Papalexakis also indicated that the team collaborated with the LIGO Scientific Collaboration to facilitate the release of a substantial dataset related to their research. This data release enables the scientific community to validate their findings and create new algorithms for identifying data patterns.
“We found a compelling connection between environmental noise and specific glitches that degrade data quality,” Papalexakis remarked. “This finding could assist in mitigating or preventing such noise.”
The team engaged in organizing and analyzing LIGO’s channels for approximately a year. Richardson pointed out that releasing the data was a major effort.
“Our team spearheaded this effort on behalf of the entire LIGO Scientific Collaboration, which comprises about 3,200 members,” he noted. “This marks the first release of these particular datasets, and we believe it will significantly influence the machine learning and computer science communities.”
Richardson clarified that the developed tool can assimilate data from a variety of sensors that monitor different disturbances surrounding the LIGO facilities. The tool synthesizes this information into a singular state, which can be utilized to track when noise issues occurred in the LIGO detectors and correlate them with environmental conditions at those times.
“Identifying these patterns could lead to physical modifications to the detectors, like replacing components,” he explained. “We hope our tool will illuminate physical noise coupling pathways to enable practical experimental adjustments to the LIGO detectors. Ultimately, we aim for this tool to identify new associations and unexplored environmental states linked to unknown noise challenges in the interferometers.”

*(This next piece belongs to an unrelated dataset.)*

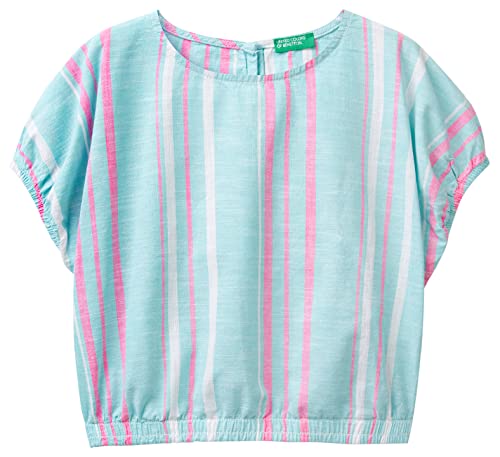 United Colors of Benetton Koszula męska 5JKCCQ01I, Turkusowy Fantasy w paski 901, L dziewczynka, Turkusowy Fantazja W Paski 901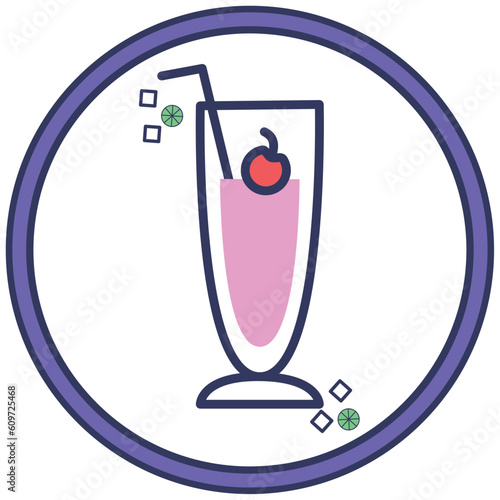 drink icon vector image with white background and purple border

Coauthor Pooyan Goodarzi, a doctoral student working with Richardson, underscored the significance of making the dataset publicly available.
“Usually, such data is proprietary,” he said. “However, we succeeded in releasing a large-scale dataset, which we hope will foster more interdisciplinary research in data science and machine learning.”
The National Science Foundation supported the team’s research through a unique program, Advancing Discovery with AI-Powered Tools, which focuses on applying artificial intelligence and machine learning to resolve challenges in the physical sciences.
Alongside Richardson, Papalexakis, and Goodarzi, the research involved Rutuja Gurav, a doctoral student working with Papalexakis; Isaac Kelly, a summer undergraduate REU student; Anamaria Effler from the LIGO Livingston Observatory; and Barry Barish, a distinguished professor in physics and astronomy at UCR.